Predictive value of a rapid semiquantitative D-dimer assay in critically ill patients with suspected venous thromboembolic disease

Abstract
To evaluate the performance of a new, rapid semiquantitative assay for the detection of circulating D-dimer in whole blood from critically ill patients with suspected venous thromboembolic disease. Prospective, blinded, single-center study. Medical intensive care unit (ICU) of Barnes-Jewish Hospital, St. Louis, MO, a university-affiliated urban teaching hospital. Two hundred thirty-nine adult patients with clinical suspicion of venous thromboembolic disease admitted to a medical ICU. Collection of blood samples within 24 hrs of clinical suspicion of venous thromboembolic disease. The main outcome measures evaluated included the occurrence of venous thromboembolic disease (i.e., lower extremity venous thrombosis, pulmonary embolism, catheter-associated venous thrombosis) and hospital mortality. Fifty-seven patients (23.8%) were classified as having venous thromboembolic disease during their ICU stays (pulmonary embolism, 21 patients; lower extremity thrombosis, 44 patients; line-associated venous thrombosis, 3 patients). The semiquantitative whole-blood assay for circulating D-dimer had a 96.4% sensitivity and a negative predictive value of 92.1% for identifying patients with venous thromboembolic disease.
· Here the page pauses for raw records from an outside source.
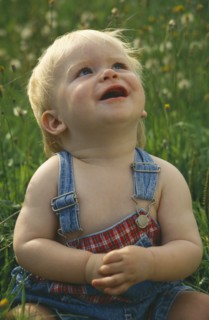 CHILDREN, Babies, One year old baby boy sitting in long grass and looking upwards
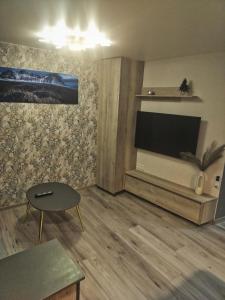 een woonkamer met een flatscreen-tv aan de muur bij Laivų gatvės apartamentai in Telšiai
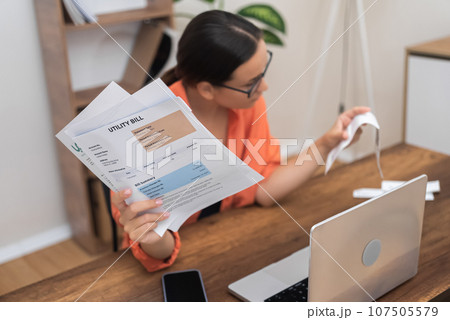 Female fills tax form holding current expense document in hands while sitting at workplace at home concentrated woman checks banking account score per month of stay 107505579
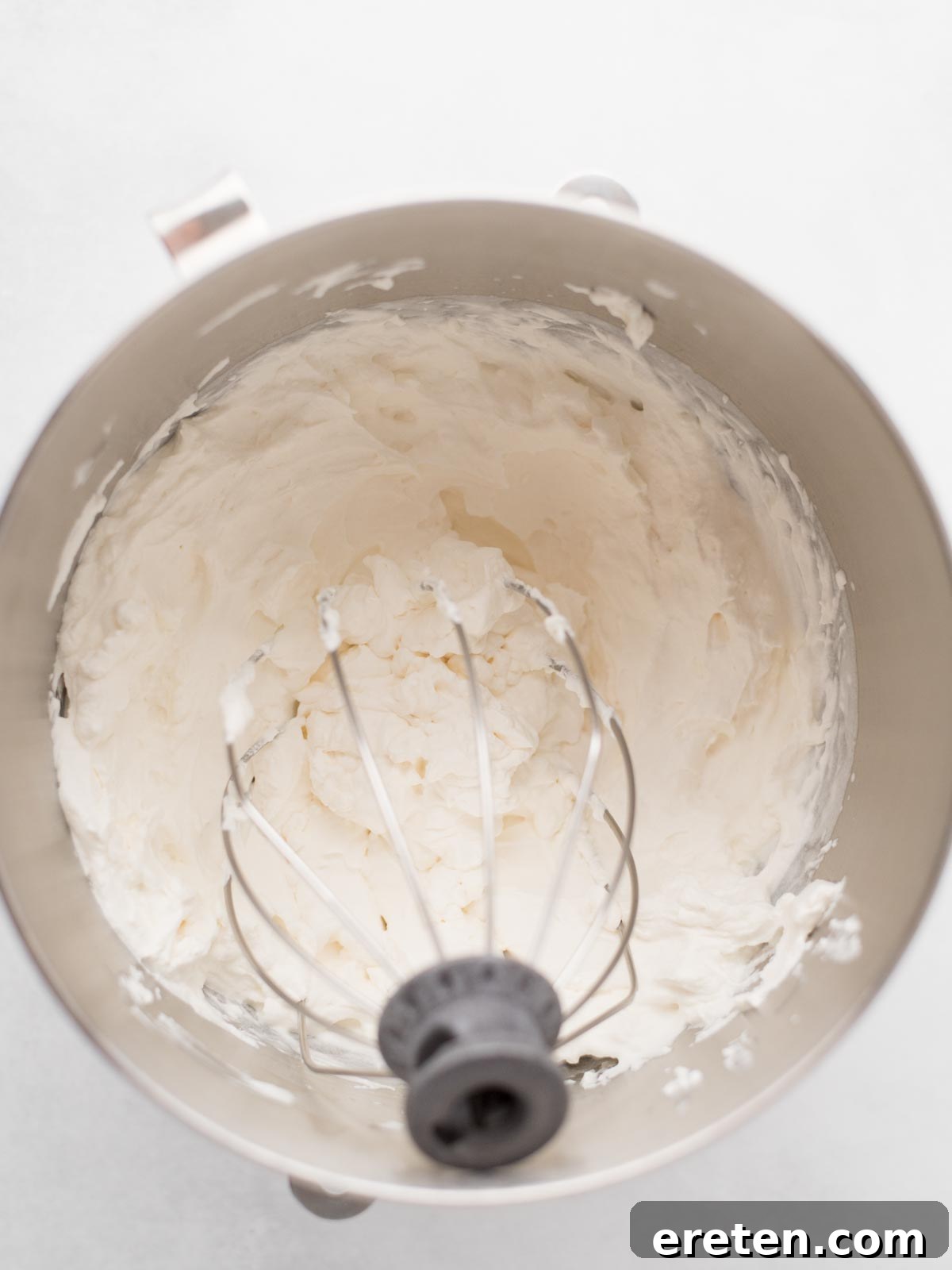 Easy Homemade Smores Ice Cream 4 A metal mixing bowl with a whisk attachment contains freshly whipped cream, with soft peaks visible and some cream clinging to the sides of the bowl. The background is a light, neutral color.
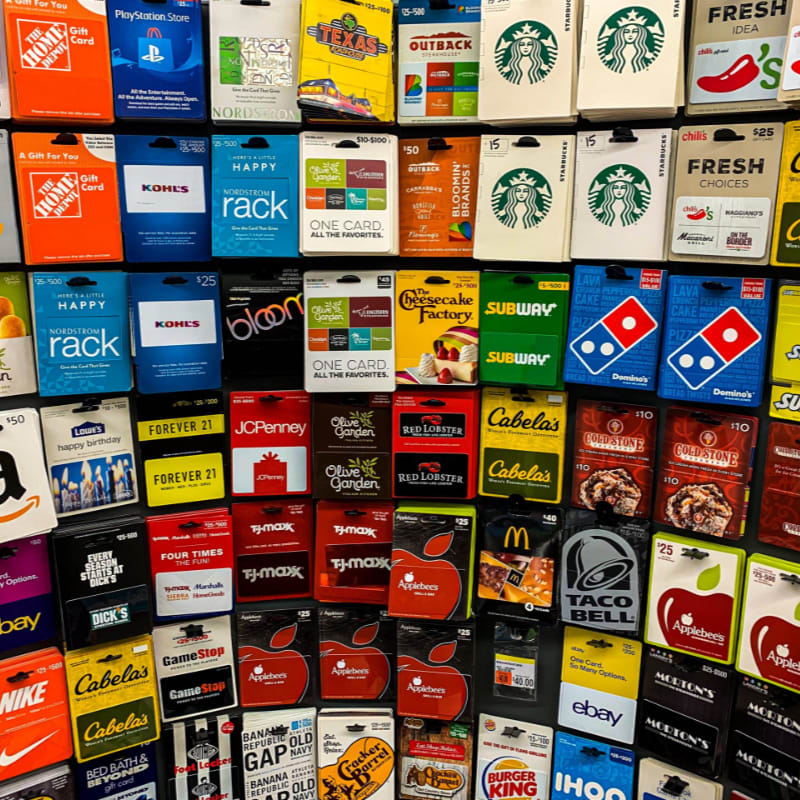 A dense grid of various colorful gift cards fills the foreground, set against a dark, structured display rack in the background.
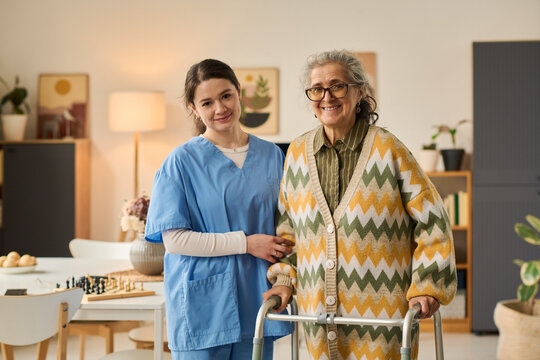 Portrait of senior Caucasian woman using walker with young adult female caregiver standing beside her, supporting mobility and home care. Ideal for eldercare, assisted living, caregiving marketing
The specificity of this assay was 19.7%, and its positive predictive value was 26.9%. There was a strong correlation between the semiquantitative assay for circulating D-dimer and the quantitative measurement of circulating D-dimer using an enzyme immunoassay (Spearman's correlation coefficient, 0.8643; p < .001). We also identified a strong correlation between both the quantitative and semiquantitative measurements of circulating D-dimer with the sepsis classification proposed by the American College of Chest Physicians/Society of Critical Care Medicine (i.e., systemic inflammatory response syndrome, sepsis, severe sepsis, septic shock) for patients without venous thromboembolic disease (n = 182; quantitative measure: Spearman's correlation coefficient, 0.207; p = .002; semiquantitative measure: Spearman's correlation coefficient, 0.3519; p < .001). These preliminary findings suggest that a rapid whole-blood assay for the semiquantitative detection of circulating D-dimer may be a useful diagnostic tool for the exclusion of venous thromboembolic disease among critically ill patients.